[Dataset entries]

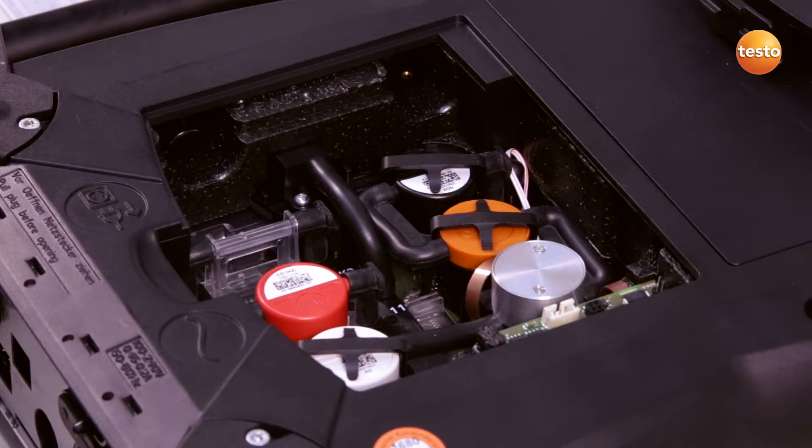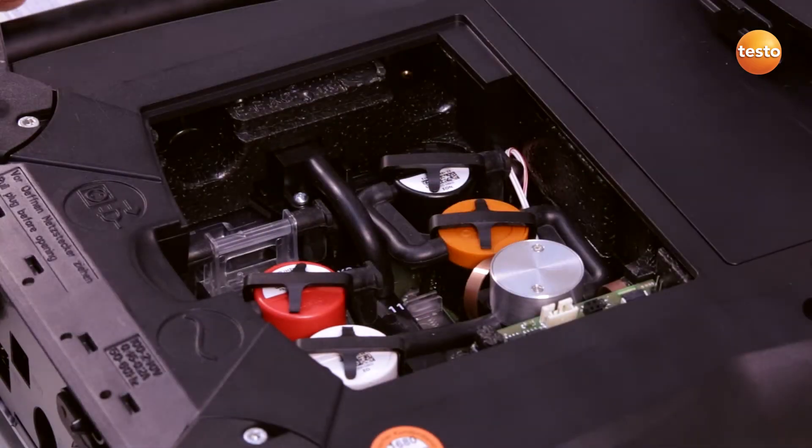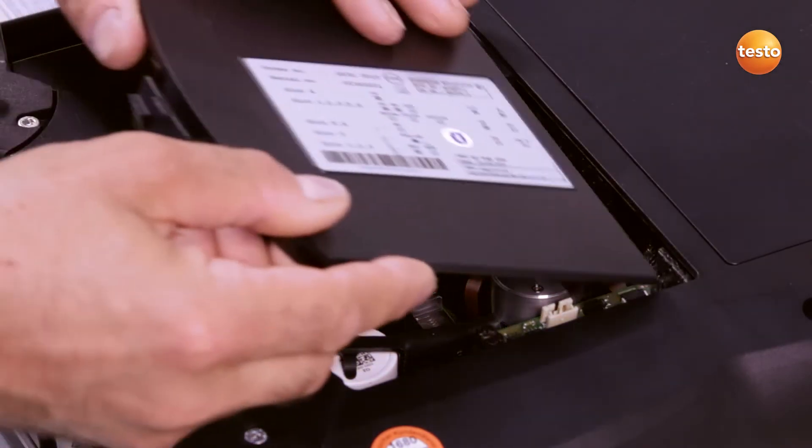After this, I click the clip back into place. I insert a slot bridge for slots which are not equipped with the sensor. Finally, I replace and close the sensor compartment cover.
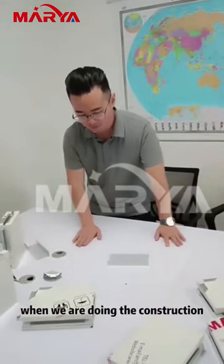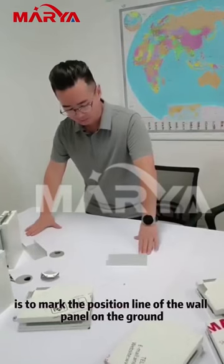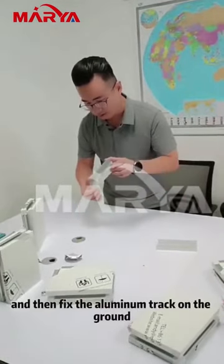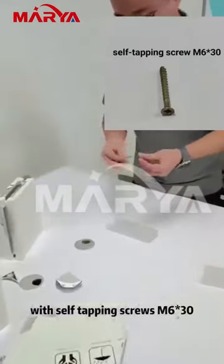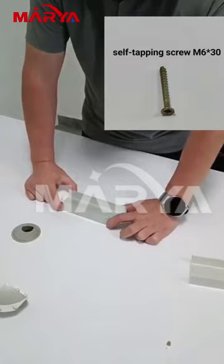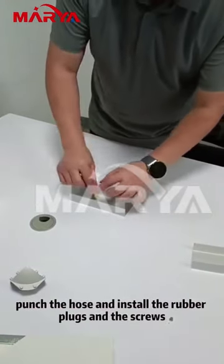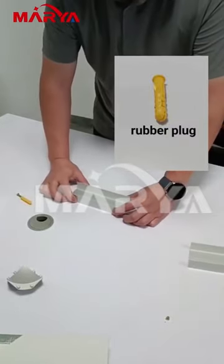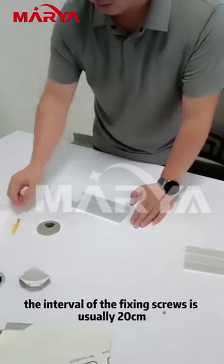When we are doing the construction, the first thing to do is to mark the position line of the wall panel on the ground. Then fix the aluminum track on the ground with self-tapping screws M630. Align the aluminum track with the position line, punch the hole and install the rubber plugs and the screws. The interval of the fixing screws is usually 20 centimeters.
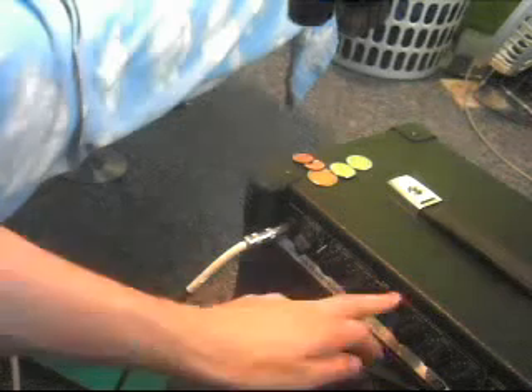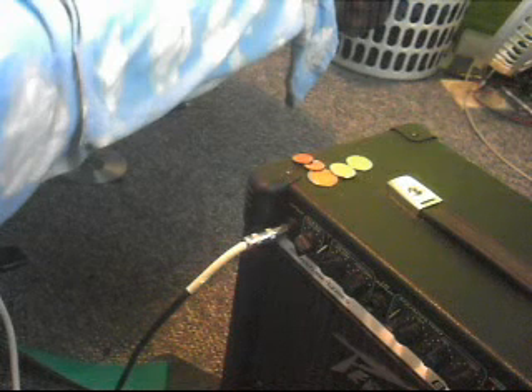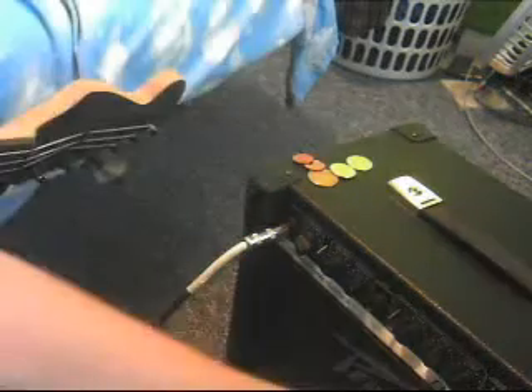That was with modern, and now I'll use vintage. I'll show you the... just turn up the reverb for a sec there.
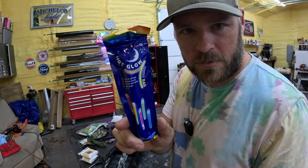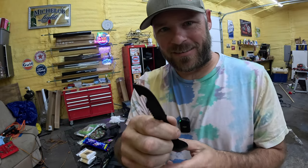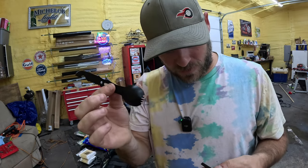Got a couple glow rods. Got a spork with a knife — hey, that would be handy. And it's got a can opener on it. Got a spork knife here.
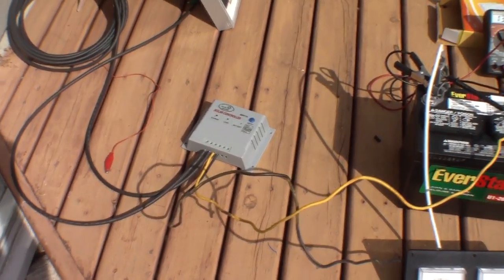MPPT is better than direct solar charging. So there you have it — thanks a lot.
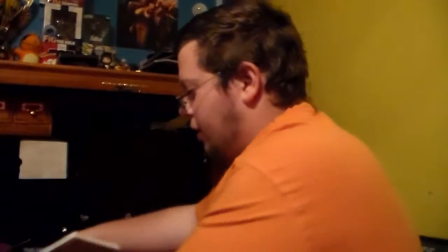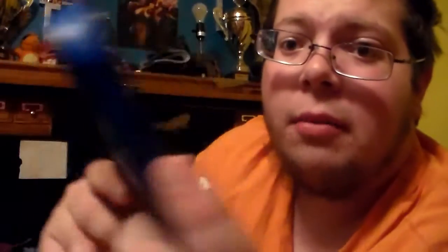I would do some gameplay for you guys, but my 2DS does not have a capture card, so I can't record gameplay. I could record gameplay with my video camera, but it would be hard. So I'm just doing an unboxing for you guys.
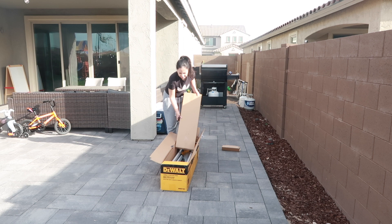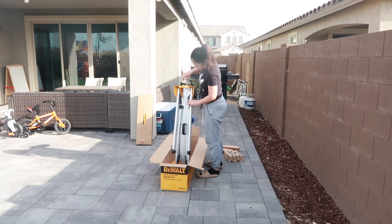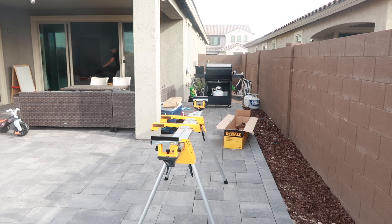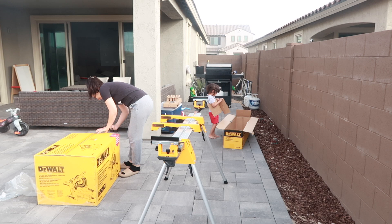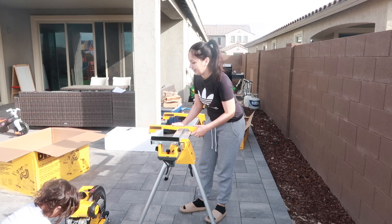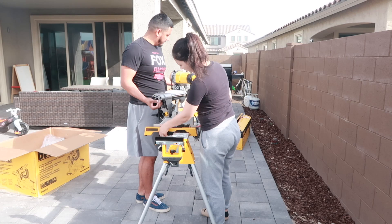We have been using my brother-in-law's miter saw for the past couple of projects. However, it was just time that we got ours, and I am very excited. This miter saw and more than anything this stand just made everything so much easier — when we were using my brother-in-law's, we didn't have a stand so we were using it on the floor, which is not convenient. Everything that we use will be linked in the description box below.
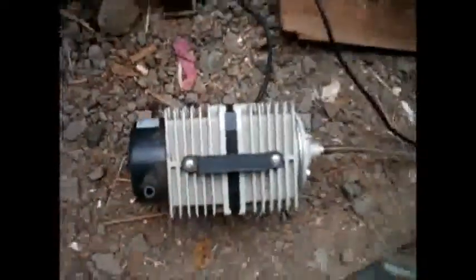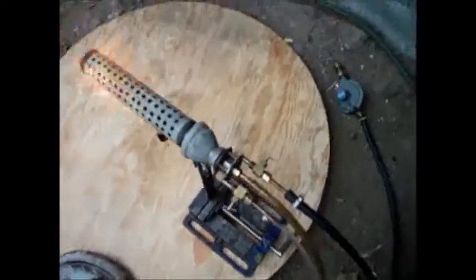This thing uses around 65 to 66 watts, and that's the oil. This burner can burn any type of oil.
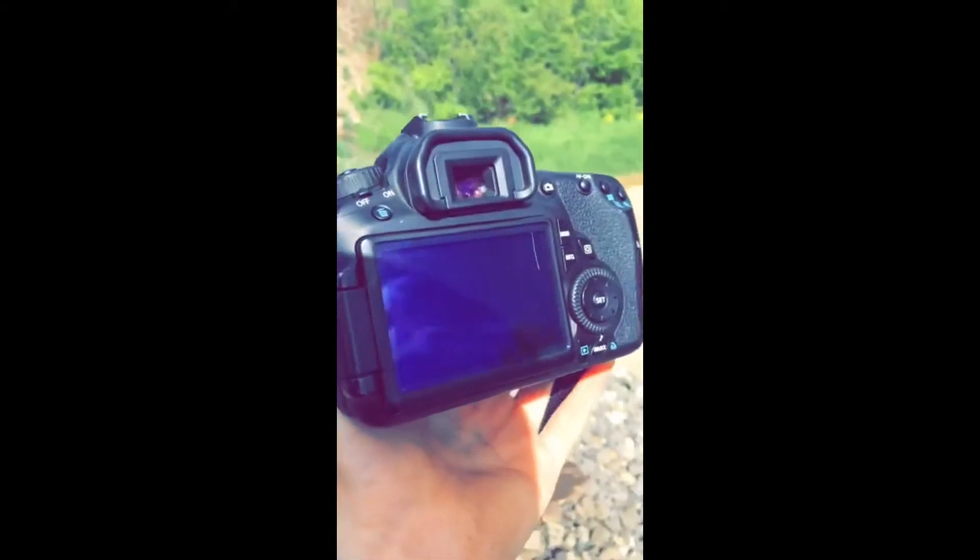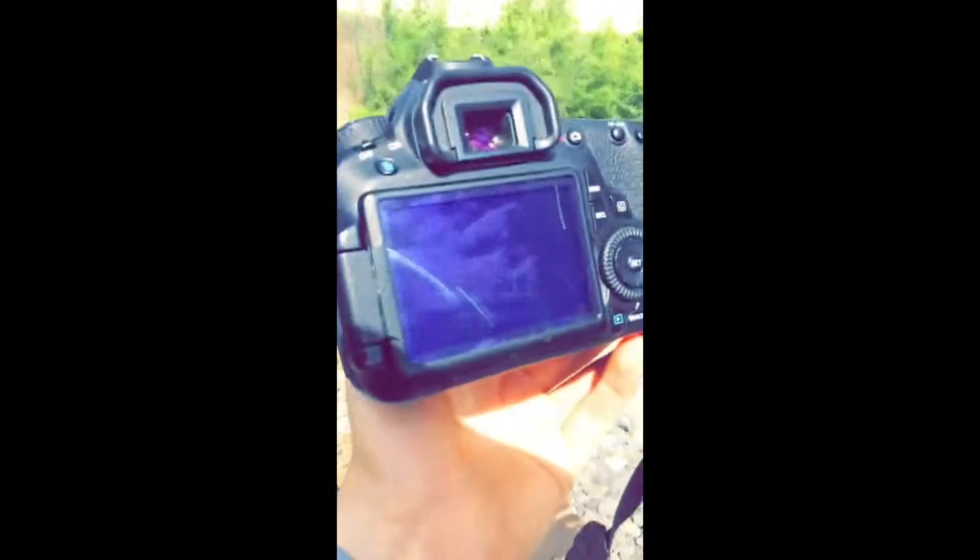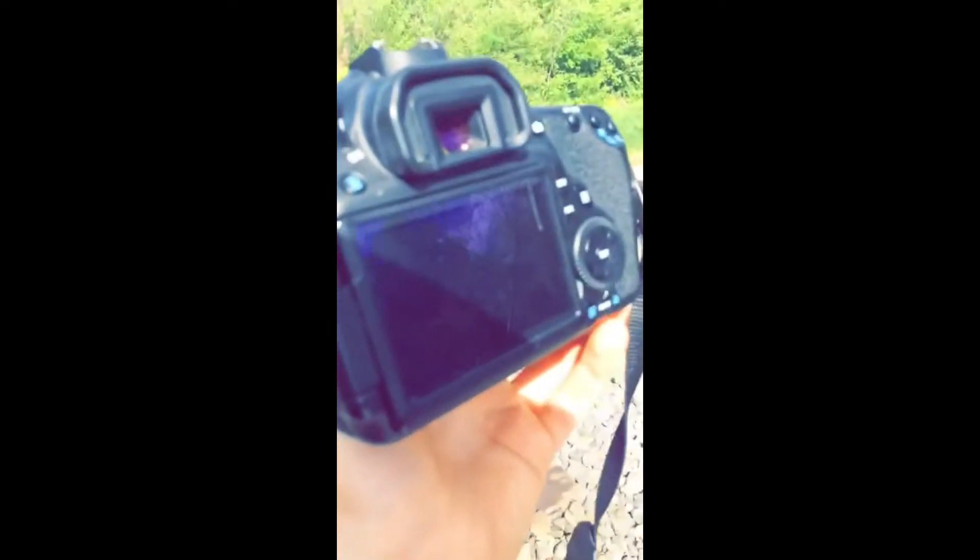I'll get out of the road. So this is what happens when you let people borrow your camera. Not fun. It wasn't Drew by the way.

**PROMPT:** Give the lines above again exactly, from the one containing "Got a couple" to the one containing "MPPT is better", both included, but leave out the pictures.

**RESULT:**
Got a couple glow rods. Got a spork with a knife — hey, that would be handy. And it's got a can opener on it. Got a spork knife here.
MPPT is better than direct solar charging. So there you have it — thanks a lot.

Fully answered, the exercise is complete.